The evidence is consistent with larger studies in financial innovation and systemic transformation. Ref. [
23] points out how digital transformation reconfigures risk management frameworks, and this is especially relevant to the process of explaining the way CBDCs upend traditional banking intermediation. As with green and digital financial technology development, CBDC deployment entails coordinated policies and strong governance frameworks [
24].
Moreover, as Gafsi and Bakari [
25] bring to the forefront, structural change in the advanced economies must be coordinated with green and technological change—a philosophy that comes directly to mind with CBDCs, which sit at the intersection of financial modernization and green growth. Moreover, larger studies posit that regulatory sophistication and digital readiness have an inherent impact on whether such changes are feasible, a conclusion that echoes this paper’s empirical evidence of heterogeneous impacts for G20 economies.
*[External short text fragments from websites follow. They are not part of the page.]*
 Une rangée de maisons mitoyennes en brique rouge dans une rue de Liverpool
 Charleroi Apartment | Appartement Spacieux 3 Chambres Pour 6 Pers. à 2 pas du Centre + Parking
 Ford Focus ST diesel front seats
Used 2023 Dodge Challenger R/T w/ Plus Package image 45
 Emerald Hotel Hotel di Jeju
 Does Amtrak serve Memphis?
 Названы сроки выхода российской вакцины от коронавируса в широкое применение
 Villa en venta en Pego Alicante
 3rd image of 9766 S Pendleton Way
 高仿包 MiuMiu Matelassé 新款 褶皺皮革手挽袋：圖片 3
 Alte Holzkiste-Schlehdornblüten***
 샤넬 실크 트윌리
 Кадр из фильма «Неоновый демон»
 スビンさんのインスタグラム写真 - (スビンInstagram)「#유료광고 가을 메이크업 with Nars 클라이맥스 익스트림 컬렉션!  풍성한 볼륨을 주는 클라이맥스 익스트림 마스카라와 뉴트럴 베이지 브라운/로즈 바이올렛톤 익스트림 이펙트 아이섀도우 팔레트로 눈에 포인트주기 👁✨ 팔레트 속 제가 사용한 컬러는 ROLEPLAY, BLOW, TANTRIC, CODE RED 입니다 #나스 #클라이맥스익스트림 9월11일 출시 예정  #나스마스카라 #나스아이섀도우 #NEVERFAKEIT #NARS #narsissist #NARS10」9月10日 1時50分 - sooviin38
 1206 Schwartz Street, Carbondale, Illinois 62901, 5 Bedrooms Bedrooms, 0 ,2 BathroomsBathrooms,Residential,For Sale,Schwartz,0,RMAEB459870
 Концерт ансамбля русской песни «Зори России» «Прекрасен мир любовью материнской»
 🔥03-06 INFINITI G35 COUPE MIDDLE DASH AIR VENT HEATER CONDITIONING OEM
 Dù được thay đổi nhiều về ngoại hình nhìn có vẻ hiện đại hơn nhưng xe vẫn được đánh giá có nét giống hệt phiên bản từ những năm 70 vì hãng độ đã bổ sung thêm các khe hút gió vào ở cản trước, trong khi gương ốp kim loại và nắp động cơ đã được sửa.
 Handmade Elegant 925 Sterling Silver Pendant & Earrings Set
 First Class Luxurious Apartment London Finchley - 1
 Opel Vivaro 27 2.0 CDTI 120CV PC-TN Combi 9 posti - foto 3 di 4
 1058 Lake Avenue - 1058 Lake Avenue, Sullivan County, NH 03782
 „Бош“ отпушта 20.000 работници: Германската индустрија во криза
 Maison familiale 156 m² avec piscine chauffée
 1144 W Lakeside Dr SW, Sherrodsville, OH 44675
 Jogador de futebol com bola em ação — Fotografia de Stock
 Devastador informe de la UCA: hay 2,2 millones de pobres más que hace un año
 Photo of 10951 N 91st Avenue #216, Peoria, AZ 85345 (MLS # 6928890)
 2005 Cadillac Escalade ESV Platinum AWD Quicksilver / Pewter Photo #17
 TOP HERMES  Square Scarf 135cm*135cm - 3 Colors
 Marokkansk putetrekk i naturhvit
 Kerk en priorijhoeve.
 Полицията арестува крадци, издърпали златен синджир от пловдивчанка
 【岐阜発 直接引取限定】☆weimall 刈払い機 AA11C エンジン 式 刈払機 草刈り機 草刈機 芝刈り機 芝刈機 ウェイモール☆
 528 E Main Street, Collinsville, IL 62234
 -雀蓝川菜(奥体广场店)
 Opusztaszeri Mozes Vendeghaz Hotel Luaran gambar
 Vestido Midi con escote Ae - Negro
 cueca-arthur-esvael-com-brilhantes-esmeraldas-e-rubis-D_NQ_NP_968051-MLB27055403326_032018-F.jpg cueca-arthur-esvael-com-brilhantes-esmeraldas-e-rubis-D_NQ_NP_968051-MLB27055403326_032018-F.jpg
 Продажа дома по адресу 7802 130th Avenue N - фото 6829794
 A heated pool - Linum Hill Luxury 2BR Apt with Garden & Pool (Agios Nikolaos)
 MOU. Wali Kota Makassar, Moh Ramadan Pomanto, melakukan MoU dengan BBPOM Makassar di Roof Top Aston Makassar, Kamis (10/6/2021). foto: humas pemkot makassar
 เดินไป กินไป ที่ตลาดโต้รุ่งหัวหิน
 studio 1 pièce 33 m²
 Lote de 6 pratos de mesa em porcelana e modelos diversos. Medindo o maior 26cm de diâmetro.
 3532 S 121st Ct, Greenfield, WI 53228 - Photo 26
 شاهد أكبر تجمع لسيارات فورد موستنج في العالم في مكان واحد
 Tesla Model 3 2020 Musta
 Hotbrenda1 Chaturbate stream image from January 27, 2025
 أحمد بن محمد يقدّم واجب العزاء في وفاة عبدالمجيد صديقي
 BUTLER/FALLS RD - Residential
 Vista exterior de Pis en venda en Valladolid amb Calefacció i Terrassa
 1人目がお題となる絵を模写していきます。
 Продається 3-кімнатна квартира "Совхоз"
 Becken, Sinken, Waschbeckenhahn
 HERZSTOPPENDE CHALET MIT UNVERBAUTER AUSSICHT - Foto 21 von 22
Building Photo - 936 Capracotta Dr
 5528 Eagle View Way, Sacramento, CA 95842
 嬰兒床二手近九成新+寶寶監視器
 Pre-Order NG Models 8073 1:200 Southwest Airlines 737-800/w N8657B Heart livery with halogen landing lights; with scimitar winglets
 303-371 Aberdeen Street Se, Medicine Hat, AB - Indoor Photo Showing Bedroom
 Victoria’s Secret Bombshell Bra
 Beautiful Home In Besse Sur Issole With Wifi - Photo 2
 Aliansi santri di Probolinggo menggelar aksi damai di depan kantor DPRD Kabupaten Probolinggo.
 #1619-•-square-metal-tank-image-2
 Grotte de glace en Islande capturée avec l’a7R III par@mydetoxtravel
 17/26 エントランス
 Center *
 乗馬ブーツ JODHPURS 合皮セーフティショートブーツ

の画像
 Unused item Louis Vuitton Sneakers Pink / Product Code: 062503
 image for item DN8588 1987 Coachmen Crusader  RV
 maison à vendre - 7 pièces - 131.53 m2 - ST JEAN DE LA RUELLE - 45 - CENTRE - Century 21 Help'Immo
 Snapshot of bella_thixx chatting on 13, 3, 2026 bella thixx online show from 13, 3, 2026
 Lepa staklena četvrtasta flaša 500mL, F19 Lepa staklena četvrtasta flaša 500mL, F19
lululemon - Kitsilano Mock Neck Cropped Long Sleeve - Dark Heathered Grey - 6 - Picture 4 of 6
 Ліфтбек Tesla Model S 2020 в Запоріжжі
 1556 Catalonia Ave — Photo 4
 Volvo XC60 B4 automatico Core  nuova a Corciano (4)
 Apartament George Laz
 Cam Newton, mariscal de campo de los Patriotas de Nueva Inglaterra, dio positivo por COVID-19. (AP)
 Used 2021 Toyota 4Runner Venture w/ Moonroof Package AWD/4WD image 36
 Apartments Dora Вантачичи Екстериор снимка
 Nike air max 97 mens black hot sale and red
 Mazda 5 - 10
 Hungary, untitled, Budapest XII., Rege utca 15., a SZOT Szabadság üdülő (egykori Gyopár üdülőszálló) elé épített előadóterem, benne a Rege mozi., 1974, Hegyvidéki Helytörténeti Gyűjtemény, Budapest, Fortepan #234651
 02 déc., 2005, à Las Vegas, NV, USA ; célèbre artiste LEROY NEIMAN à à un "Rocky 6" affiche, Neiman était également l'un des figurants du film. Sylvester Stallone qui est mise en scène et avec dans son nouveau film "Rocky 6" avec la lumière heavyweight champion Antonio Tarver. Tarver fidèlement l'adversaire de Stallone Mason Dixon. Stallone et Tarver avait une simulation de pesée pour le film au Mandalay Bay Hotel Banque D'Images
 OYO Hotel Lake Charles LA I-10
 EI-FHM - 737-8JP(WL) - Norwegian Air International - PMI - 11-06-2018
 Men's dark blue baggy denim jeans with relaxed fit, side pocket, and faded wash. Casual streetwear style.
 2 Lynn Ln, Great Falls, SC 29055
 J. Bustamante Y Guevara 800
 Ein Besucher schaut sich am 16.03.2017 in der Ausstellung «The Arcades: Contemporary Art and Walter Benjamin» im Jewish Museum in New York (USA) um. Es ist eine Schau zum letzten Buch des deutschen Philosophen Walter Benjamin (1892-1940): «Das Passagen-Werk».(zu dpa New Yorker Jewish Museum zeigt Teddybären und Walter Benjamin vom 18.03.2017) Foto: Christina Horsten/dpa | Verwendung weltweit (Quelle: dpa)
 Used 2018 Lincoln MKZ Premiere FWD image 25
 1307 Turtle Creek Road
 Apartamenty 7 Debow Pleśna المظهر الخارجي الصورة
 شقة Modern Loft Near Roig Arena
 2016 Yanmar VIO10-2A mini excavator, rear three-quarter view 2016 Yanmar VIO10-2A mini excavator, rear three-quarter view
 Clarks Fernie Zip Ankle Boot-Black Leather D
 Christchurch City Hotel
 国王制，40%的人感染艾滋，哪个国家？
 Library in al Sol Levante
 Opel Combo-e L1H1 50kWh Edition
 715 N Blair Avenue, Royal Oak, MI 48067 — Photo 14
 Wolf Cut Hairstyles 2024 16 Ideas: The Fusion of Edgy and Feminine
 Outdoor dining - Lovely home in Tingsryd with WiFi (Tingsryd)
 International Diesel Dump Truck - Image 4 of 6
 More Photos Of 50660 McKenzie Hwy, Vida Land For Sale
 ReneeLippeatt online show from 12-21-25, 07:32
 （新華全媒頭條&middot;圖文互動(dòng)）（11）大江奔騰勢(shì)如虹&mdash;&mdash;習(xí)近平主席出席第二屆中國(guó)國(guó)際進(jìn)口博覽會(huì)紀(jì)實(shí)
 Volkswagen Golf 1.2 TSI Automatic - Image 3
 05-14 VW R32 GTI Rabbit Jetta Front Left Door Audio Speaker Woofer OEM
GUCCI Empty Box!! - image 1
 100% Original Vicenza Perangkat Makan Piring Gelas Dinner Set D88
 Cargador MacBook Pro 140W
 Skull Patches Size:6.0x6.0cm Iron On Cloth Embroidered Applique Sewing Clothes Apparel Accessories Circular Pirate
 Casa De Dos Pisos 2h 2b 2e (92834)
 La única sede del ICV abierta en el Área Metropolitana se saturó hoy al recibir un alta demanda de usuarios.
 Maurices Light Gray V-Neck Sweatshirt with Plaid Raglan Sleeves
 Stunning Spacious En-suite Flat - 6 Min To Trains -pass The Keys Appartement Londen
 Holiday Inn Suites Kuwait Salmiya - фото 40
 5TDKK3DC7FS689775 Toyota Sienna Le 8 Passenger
The interrelatedness of the institutional quality, investment processes, and policy environment already emphasized in research on renewable energy, environmental performance, and economic development [
26,
27] is also connected to the CBDC environment. Strong digital infrastructure and monetary systems within their nations will most likely benefit from the adoption of CBDCs, whereas fragile economies will likely benefit from the heightened volatility and disruption in the banking sector.
This opinion is also corroborated by [
28], who highlights that the achievement of the CBDC implementation relies crucially on institutional robustness, financial infrastructure, and the overall macroeconomic context.
In conclusion, CBDCs are a new but complex policy tool. Their optimal application must be led by an interoperability-led, regulatory adaptive, and macro-financial coordinated strategy following the call for cross-cutting, evidence-based answers to finance and sustainability in previous work.
While this study makes significant contributions towards ascertaining the macro-financial implications of CBDCs for G20 economies, avenues through which future work can build on this endeavor include the following. First, researchers can incorporate micro-level data (e.g., consumers’ payment behavior, SMEs’ access to finance) for the purpose of investigating the impact of CBDCs on financial inclusion at a detailed level. Second, as CBDC adoption continues, longitudinal case studies of first movers (e.g., China, Nigeria) can provide a real-time validation of GVAR-based forecasts. Third, further work can explore the interface between CBDCs and decentralized finance (DeFi) platforms, particularly in jurisdictions where private digital currencies coexist with public ones. Exploring these avenues would help consolidate the emerging literature on digital monetary innovation and its global implications.